▶ _Assignment_:
The data below should be restated word for word, with every picture omitted.

▶ _Material provided_:
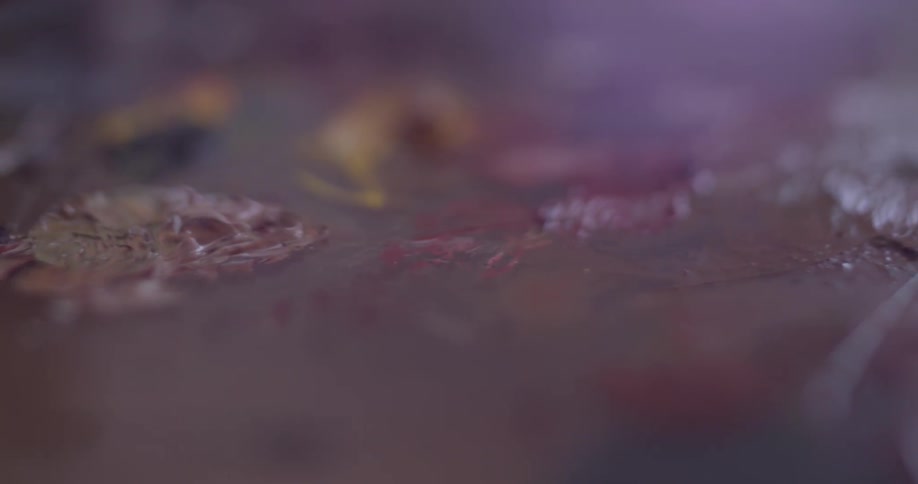 Paintbrush dabs colors mixed together on a board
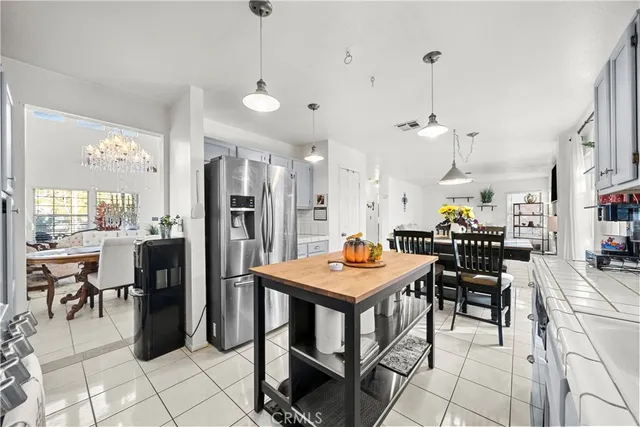 a view of a dining room and livingroom with furniture wooden floor a chandelier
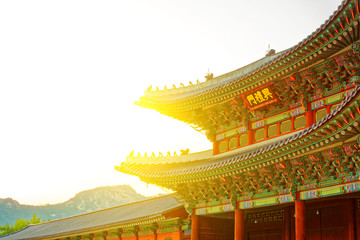 Fototapeta na wymiar Sun behind roof top of the gate to Gyeongbokgung Palace - translation for this word is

▶ _Result below_:
 Paintbrush dabs colors mixed together on a board
 a view of a dining room and livingroom with furniture wooden floor a chandelier
 Fototapeta na wymiar Sun behind roof top of the gate to Gyeongbokgung Palace - translation for this word is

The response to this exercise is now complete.